Nos primeiros dias deste mês, em 3 de junho, o plenário do Senado Federal aprovou a Medida Provisória 871, que versa sobre a Lei 9.717/98, por meio do Projeto de Lei de conversão nº 11 de 2019. Narlon Gutierre Nogueira, secretário adjunto da Secretaria de Previdência do Ministério da Economia, declarou que: “sem dúvida representa um grande avanço em relação à governança dos Regimes Próprios de Previdência Social e à responsabilização de todos aqueles que atuam na gestão e na supervisão dos RPPS. Nós agora, vamos aguardar que esse Projeto seja sancionado e publicado e também na sequência a aprovação da PEC nº 6 de 2019 para que nós tenhamos, então, a nossa tão desejada Lei de Responsabilidade Previdenciária”. A LEI 13.846/2019 foi sancionada ontem, 18, e pode ser acessada, aqui.

Para Majoly Hardy, Coordenadora do Copajure, uma boa novidade da MP versa acerca da alteração que foi promovida no artigo 96 da Lei Federal 8.213, que se refere à expedição, à averbação de tempo, mediante certidão de tempo de contribuição. “O que ela trouxe de novidade, que hoje só está na portaria 154 de 2008, do antigo Ministério da Previdência Social, e também na Instrução Normativa nº 77 de 2015, foram algumas dessas normas que estavam nessa portaria e nesta instrução normativa. Agora, isso foi colocado em Lei, o que juridicamente tem um peso muito importante, pois podemos discutir a hierarquia das Leis e a força normativa que cada uma dessas disposições têm. Muitos advogados alegam que, enquanto não está em Lei, não tem força obrigatória nenhuma. Então, isso é uma novidade boa para os Regimes Próprios. Assim que for sancionada a conversão da MP em Lei, vai ficar escrito que a certidão por tempo de contribuição só pode ser expedida, por exemplo, para esse servidor. A importância disso é que há muitos municípios que expedem certidão por tempo de contribuição de um período que não está sendo contado para fins de aposentadoria sem que o servidor tenha quebrado esse vínculo. A expedição é um controle maior na contagem do tempo de serviço do servidor”, finaliza.
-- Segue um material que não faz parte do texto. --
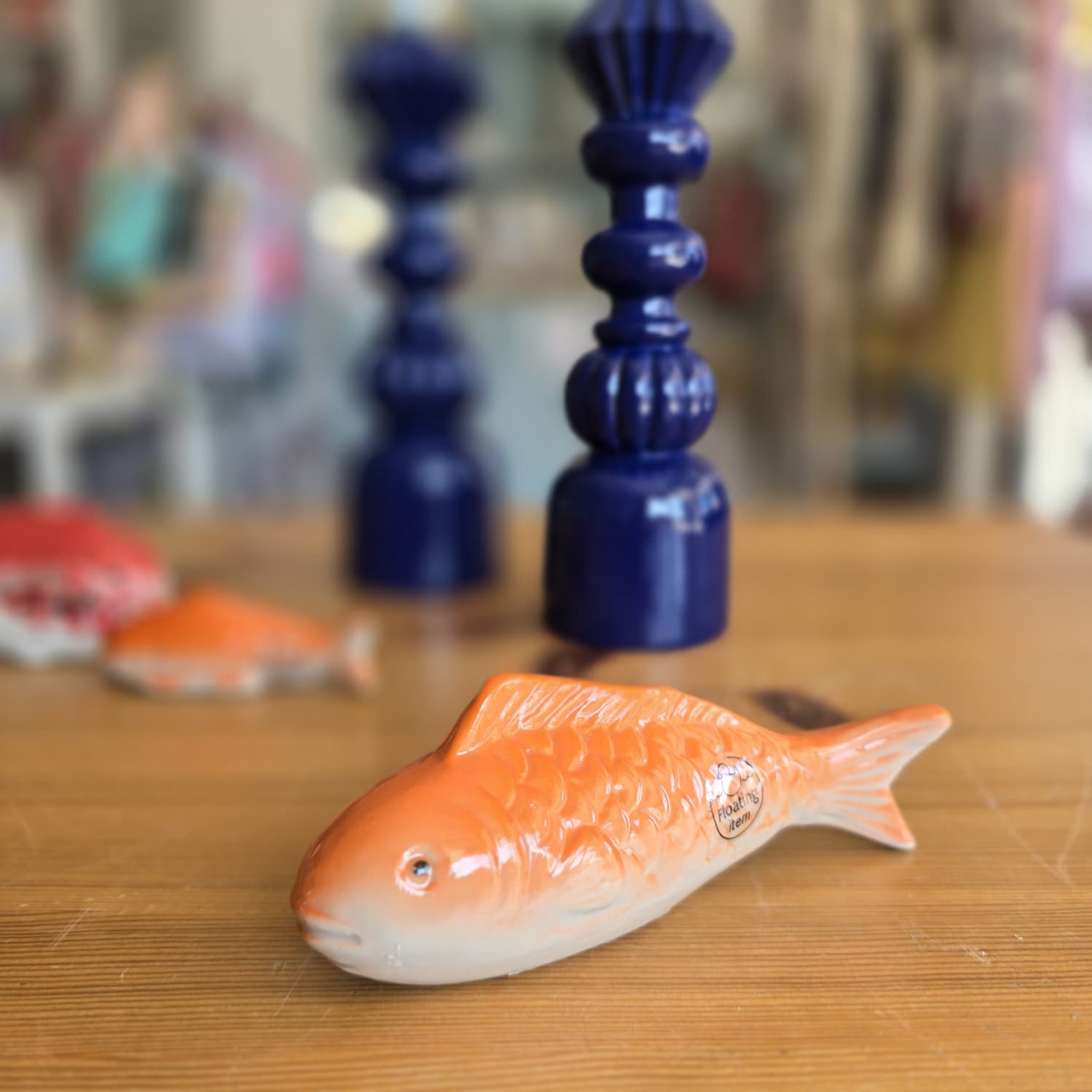 Peixe decorativo de cerâmica laranja sobre mesa de madeira com castiçais azuis no fundo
Outro assunto interessante são alterações bem impactantes envolvendo os RPPS e os entes federativos em relação à Lei Federal 9.717/98. A primeira delas que houve alteração nessa Lei, no artigo 1º, parágrafo 2º, onde trata, agora, que é possível a realização de compensação previdenciária entre RPPS ou entre o RPPS e o Regime Geral.
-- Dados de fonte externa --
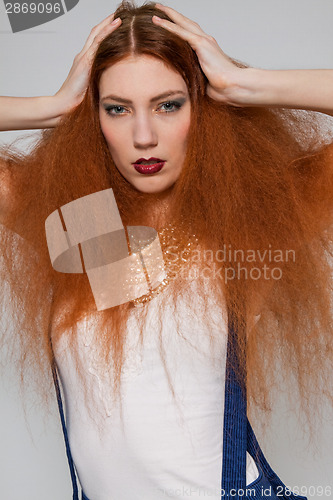 Image of Female model playing with frizzy hair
Novidade também no artigo 6º da lei federal 9.717/98, que igualmente foi introduzido pela MP 871, no que se refere ao parágrafo único e os incisos desse parágrafo. Mojaly afirma que a inovação “foi bastante positiva e bastante séria que versa sobre a aplicação dos recursos dos RPPS está, agora, regulamentada em Lei que exige seriedade, gestão e práticas de controle das instituições públicas ou privadas que administram esses recursos. Ou seja, as instituições financeiras, que vão receber esses recursos para fazer a administração deles”.

Sobre este tópico, Paulo Di Blasi, consultor de investimentos, professor de pós-graduação e MBA da FGV e do IBMEC, também avaliou positivamente a MP. Segundo ele, tal medida será boa para o bolso do Regime Próprio, pois “aprimora o modelo fiduciário, que é todo o arcabouço institucional e regulatório que dá segurança ao processo de investimentos. Deve haver um período de adaptação no horizonte de todos os regimes do País. Acho importante nesse ínterim, nessa janela que a legislação continue com a salvaguarda que ela colocou, pois são positivas no atual momento para regular as aplicações dos Regimes. A legislação vai proteger o capital dos RPPS para melhor proteger o capital público. Consolida e deixa claro a solidariedade do sistema”, encerra.

França, da Privatiza, explica que a alteração trouxe mais responsabilidade aos agentes envolvidos na seara, pois será necessária uma melhor pesquisa dos membros que serão colocados nos conselhos e nos comitês: “Quem for incluído no time de participantes do comitê de investimento, por exemplo, deve estar ciente da responsabilidade que assumiu. Do lado do mercado, todos nós temos que ter ciência que devemos ser diligentes, procurando apresentar produtos que façam sentido, que não tenham vício de origem de credibilidade. A partir da legislação – distribuidores, gestores, consultores, administradores – todos os participantes do mercado envolvidos na cadeia de produtos de servidos oferecidos ao RPPS têm responsabilidade por eventuais danos que ocorreram fora dos padrões de mercado’’. afirma.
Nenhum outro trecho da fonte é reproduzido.